Agreed. I found Atlas Shrugged to be full of cool ideas when I first read it. Certainly more enjoyable that slogging through George RR Martin's stuff.
I read it a long time ago, but I found it awfully dry. I don't remember a lot of it, but there is one part of the book near the end where they are going around the room and all the great minds explain why they left society and gathered at Galt's Gulch. The composer, the engineer, etc. Finally we get to the doctor, who has found a cure for strokes. The doctor explains society has all these rules for doctors including how much he can get paid, and he doesn't like any of those rules. So society can suck it, they don't get the cure, only the Galt's Gulch folks can share in this miraculous discovery. Okay fair enough.

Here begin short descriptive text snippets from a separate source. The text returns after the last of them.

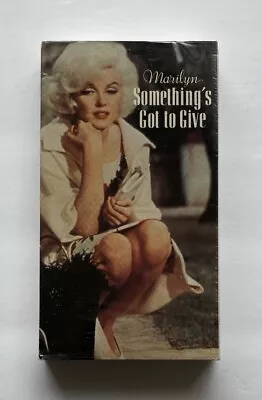 Marilyn: Something’s Got To Give (VHS 1955/1992) With Photo Card • $24.99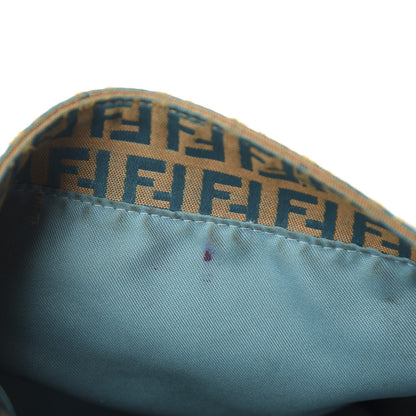 Fendi Zucchino Mama Baguette Turquoise Beige 14 of 18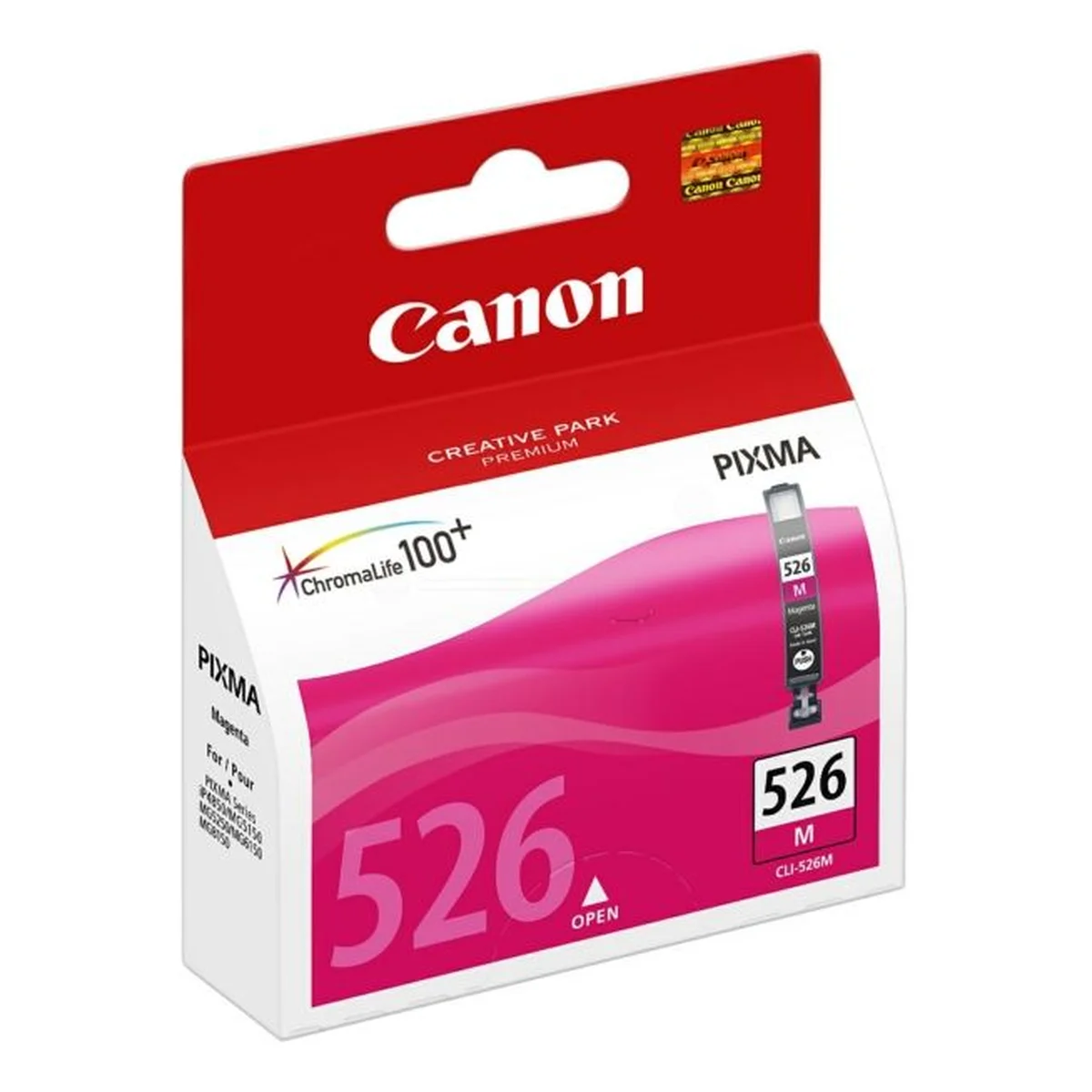 Druckerpatrone Canon CLI-526 M magenta 9 ml | 520 Seiten (4542B001)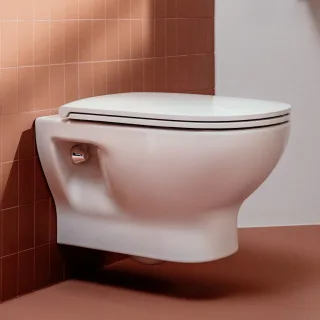 LAUFEN Tiefspül-WC wandhängend LUA 520x360, spülrandlos H8200810180001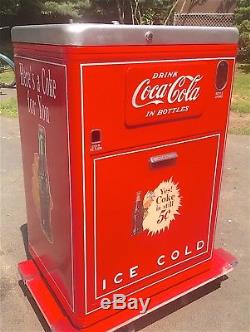 1930's Coca-Cola 5 Cent Vendo 23 COKE Vending Machine- RENOVATED Must See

But contrast to a real doctor, Jonas Salk, who discovered a vaccination for a real disease, polio. Polio was one of the most feared diseases in the world, which killed annually tens of thousands of people in the US, mostly children, and left hundreds of thousands more permanently crippled. Salk refused to make dime on his discovery, instead hoping that his vaccine could be distributed as far and wide and as fast as possible. And in fact that's what happened. Salk and his colleagues positively affected literally millions of lives.
So, the question for me kind of comes down to who would I rather live next to? The bitter doctor who hordes his discovery to himself because he's offended by society? Or the guy who rolls up his sleeves and makes society better?
No question in my book. And fortunately, the bitter doctor is fictional and there really was a Jonas Salk.